STEREOTYPES, DISCOURSES, AND DESCRIPTIONS
In sources relating to the question of African-Indian social dynamics (newspapers, memoirs, interviews, and government reports), three distinct forms of racial language appear: stereotypes, generalizing discourses, and specific descriptions. All three of these modes are grounded in a racial consciousness that, however much it might incorporate an individual or group’s lived experiences, translates social relations into idealized images and, in turn, shapes the field of personal interactions in racial terms. Because these types of language presuppose the existence of coherent groups (“the Indian” and “the African”), they should not be used as direct evidence of an underlying reality: racial language organizes and shapes social life in ways that require historical analysis and explanation. As Sander Gilman argues, stereotypes operate at the level of fantasy.10 They are images that have broken free from their original context through assimilation into collective identities.11 Because they are a means of self-definition in terms of an “outsider,” they can function in contexts where there is no empirical correspondence between the stereotype and its putative object. A stereotype generally takes the form of a core association—for example, “white South Africans are racist”—accompanied by a cluster of related attributes that are invoked selectively and shift overtime. In most cases, multiple stereotypes exist regarding the same group, allowing racial fantasies to shift between differing, and often contradictory, characterizations without any underlying logic.

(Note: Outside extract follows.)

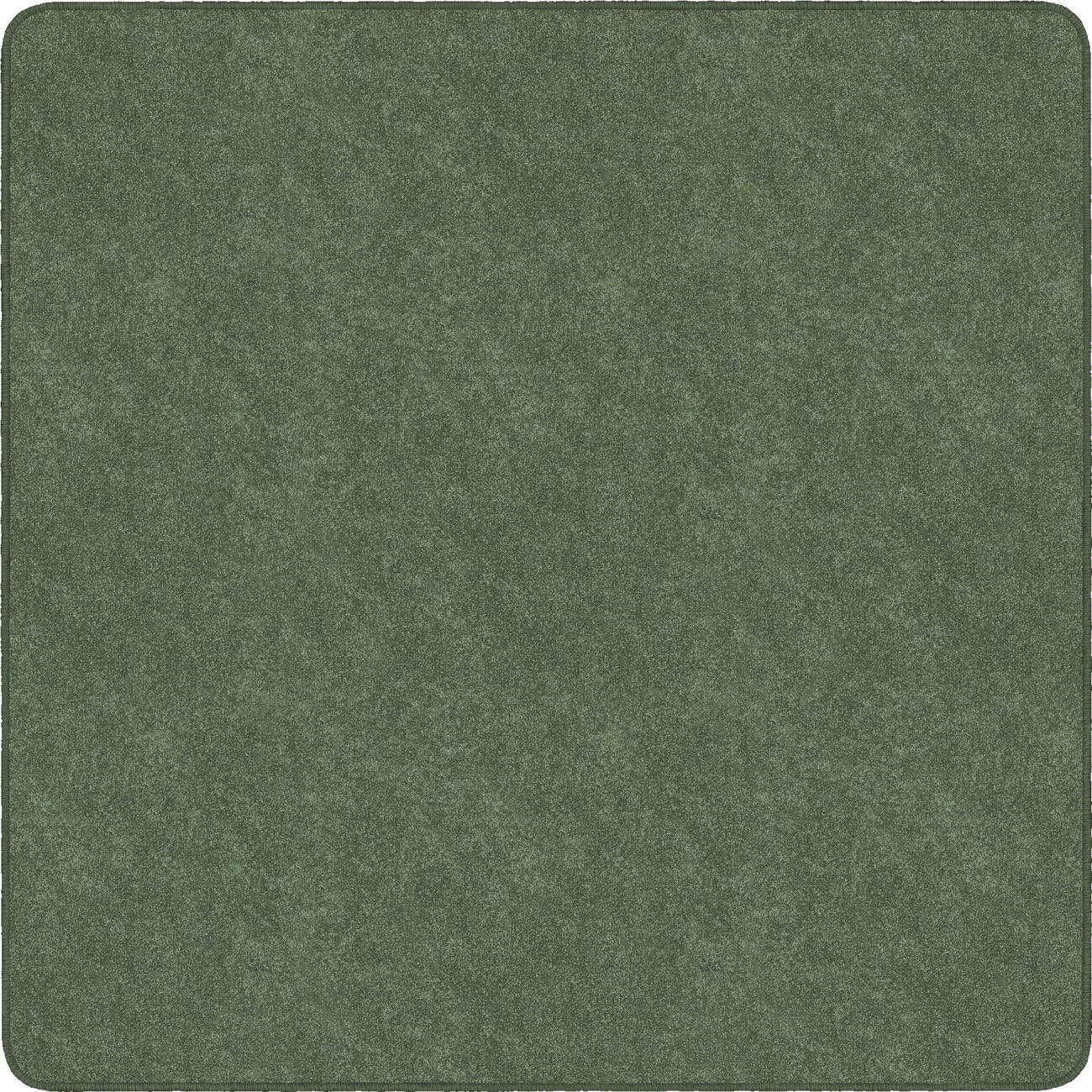 Rug Clsrm Seat Solid Amrsft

For a historian, stereotypes serve largely as evidence of the imaginations, desires, and resentments of the individual or group deploying the image, rather than the actual content of racialized interactions.12
In contrast, racial discourses are the product of specific socioeconomic contexts. They incorporate stereotypes into narratives that correspond, in however partial and distorted a fashion, with existing social realities. Racial discourses are common stories told about the relationship between groups, although one protagonist (usually the group of the narrator) can remain implicit and therefore invisible in the account. Such stories often relate to specific kinds of spaces—the everyday theaters where the drama of interaction unfolds—or geographic areas. They provide relatively fixed scripts that influence the expectations and behavior of individuals within these sites while molding broader perceptions through their circulation as rumors, jokes, and urban legends.13 Since racial discourses are organized around the existence of an imagined binary, their basic structure assumes one of two forms: cooperation or conflict, friendship or war. In a very real sense, they form part of the material infrastructure that reproduces social interactions in a racialized form. In turn, the authors of specific descriptions seek to confirm or contest an established racial discourse. These sources recount events (an unusual or exemplary encounter, for instance) in the concrete language of personal experience. Descriptions often contain elements or details that subvert the generalizing terms of racial discourse while employing the same stereotypes. In such cases, specific descriptions do not necessarily provide evidence of a competing discourse. Nor should they serve as the basis for alternative sociological generalization regarding “race relations.” They relate events, relationships, or interactions that confirm or disrupt a standard script even as the author continues to perceive the participants and overall context in racial terms.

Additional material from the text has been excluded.